# Would this work?



## polarbear78 (Jan 26, 2011)

Just wondering if this recipe would work. Not looking to do deer or anything big... just little stuff to experiment with...squirrel, rabbit, muskrat, maybe coyote. I know a few of you have given me recipes but I am trying to find something that is the simplest for now and cheapest being a full time college student...The link gives the step by step and recipe, I would be interested in the first recipe I think. I cannot find aluminum sulphate though, only magnesium sulphate in stores... would that work? It also sounds as if he doesn't scrape it until after it has soaked for 48 hours?

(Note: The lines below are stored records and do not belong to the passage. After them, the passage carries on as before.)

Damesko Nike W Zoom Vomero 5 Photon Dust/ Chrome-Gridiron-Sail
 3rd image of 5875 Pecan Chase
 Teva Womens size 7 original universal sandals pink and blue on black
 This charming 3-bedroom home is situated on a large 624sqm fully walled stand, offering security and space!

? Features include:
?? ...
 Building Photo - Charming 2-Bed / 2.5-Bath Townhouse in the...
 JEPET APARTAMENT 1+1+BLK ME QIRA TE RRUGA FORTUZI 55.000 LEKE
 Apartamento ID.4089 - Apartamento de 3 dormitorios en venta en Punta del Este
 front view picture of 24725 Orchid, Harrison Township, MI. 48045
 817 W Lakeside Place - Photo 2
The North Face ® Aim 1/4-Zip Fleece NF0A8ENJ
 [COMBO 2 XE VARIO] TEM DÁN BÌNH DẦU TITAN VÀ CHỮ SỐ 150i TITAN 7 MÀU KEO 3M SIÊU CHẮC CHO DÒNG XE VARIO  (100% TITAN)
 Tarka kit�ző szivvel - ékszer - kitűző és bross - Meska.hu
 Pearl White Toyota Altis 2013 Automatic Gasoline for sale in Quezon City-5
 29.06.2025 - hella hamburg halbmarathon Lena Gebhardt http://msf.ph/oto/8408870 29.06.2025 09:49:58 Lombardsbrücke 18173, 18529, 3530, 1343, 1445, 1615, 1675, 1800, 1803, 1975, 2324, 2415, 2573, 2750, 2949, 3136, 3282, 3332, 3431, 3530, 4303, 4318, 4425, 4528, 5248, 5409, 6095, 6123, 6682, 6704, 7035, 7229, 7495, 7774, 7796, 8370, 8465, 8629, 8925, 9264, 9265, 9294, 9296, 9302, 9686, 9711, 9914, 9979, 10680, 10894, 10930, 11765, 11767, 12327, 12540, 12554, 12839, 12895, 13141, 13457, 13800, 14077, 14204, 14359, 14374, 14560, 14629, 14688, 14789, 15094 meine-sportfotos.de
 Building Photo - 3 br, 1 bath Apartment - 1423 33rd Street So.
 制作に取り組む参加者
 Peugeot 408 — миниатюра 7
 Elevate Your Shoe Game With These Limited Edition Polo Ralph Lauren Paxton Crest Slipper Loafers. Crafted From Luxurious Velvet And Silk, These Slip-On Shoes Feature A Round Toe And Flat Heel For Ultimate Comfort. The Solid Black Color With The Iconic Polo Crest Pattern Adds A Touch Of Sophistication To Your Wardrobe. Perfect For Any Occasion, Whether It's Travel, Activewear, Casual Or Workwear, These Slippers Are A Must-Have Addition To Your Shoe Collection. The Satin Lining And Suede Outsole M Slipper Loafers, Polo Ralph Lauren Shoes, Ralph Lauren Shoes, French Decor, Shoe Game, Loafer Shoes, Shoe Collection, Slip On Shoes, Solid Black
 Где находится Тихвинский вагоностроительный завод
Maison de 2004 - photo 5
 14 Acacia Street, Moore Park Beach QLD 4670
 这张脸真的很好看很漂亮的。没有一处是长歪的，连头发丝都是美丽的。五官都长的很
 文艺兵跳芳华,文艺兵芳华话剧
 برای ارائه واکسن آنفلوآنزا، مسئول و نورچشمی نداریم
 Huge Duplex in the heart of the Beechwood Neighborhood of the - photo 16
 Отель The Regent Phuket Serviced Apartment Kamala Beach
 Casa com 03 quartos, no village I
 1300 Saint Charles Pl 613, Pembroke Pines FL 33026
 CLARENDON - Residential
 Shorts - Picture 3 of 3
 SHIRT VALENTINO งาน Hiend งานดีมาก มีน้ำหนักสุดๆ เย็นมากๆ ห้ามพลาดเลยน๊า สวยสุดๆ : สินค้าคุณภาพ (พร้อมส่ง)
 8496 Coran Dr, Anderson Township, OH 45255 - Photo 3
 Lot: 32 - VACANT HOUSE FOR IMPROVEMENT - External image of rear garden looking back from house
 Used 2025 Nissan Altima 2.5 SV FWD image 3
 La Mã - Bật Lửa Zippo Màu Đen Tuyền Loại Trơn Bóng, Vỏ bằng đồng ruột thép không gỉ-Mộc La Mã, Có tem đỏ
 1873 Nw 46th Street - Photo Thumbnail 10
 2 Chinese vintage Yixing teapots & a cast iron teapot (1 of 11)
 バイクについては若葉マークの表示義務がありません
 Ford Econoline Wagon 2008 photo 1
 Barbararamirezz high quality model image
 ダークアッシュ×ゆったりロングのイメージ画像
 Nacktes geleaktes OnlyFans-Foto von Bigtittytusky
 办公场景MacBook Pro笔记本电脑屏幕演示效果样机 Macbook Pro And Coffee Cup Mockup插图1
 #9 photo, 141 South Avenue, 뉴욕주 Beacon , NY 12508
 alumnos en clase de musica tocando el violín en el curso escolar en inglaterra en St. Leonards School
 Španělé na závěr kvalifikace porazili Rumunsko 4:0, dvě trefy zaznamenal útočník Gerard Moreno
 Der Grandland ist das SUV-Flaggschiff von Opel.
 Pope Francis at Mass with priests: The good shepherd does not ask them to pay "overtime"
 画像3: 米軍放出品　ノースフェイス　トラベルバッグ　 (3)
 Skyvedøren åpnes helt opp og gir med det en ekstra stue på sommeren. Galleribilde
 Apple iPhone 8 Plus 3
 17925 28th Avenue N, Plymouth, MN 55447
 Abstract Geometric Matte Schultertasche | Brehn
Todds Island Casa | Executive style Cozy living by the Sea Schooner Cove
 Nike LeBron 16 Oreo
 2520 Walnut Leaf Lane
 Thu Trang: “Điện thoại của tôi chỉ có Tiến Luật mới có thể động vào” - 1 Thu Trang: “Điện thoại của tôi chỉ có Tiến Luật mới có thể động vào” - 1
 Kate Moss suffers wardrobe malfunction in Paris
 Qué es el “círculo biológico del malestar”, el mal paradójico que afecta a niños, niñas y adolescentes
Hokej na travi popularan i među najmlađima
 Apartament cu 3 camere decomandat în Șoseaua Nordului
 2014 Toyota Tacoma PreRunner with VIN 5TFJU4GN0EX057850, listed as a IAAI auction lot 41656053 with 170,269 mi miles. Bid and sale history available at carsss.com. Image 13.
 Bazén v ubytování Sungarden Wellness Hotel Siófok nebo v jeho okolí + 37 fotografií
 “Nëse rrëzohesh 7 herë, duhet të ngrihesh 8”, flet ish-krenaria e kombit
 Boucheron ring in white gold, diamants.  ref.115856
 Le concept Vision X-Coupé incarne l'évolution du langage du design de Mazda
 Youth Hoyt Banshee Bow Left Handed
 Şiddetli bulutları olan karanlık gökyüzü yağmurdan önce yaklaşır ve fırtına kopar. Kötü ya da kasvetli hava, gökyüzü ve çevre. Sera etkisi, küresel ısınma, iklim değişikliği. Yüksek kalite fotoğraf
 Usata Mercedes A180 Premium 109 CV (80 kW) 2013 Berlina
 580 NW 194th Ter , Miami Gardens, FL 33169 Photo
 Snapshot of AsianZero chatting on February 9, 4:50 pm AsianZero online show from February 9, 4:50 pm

http://www.motherearthnews.com/Modern-Homesteading/1983-01-01/How-To-Tan-Rabbit-Hides.aspx?page=2

Thanks


----------



## Doug Bridges (Oct 10, 2010)

Those are pickles not tans. Why not spend 20 bucks and get the right stuff.

From my DROID dammit!


----------



## Mitchell Ulrich (Sep 10, 2007)

Doug Bridges said:


> Those are pickles not tans. Why not spend 20 bucks and get the right stuff.
> 
> From my DROID dammit!


Because we're not telling him what he wants to hear.

SURE!! #1 sounds AWESOME..let us know how that works out!


----------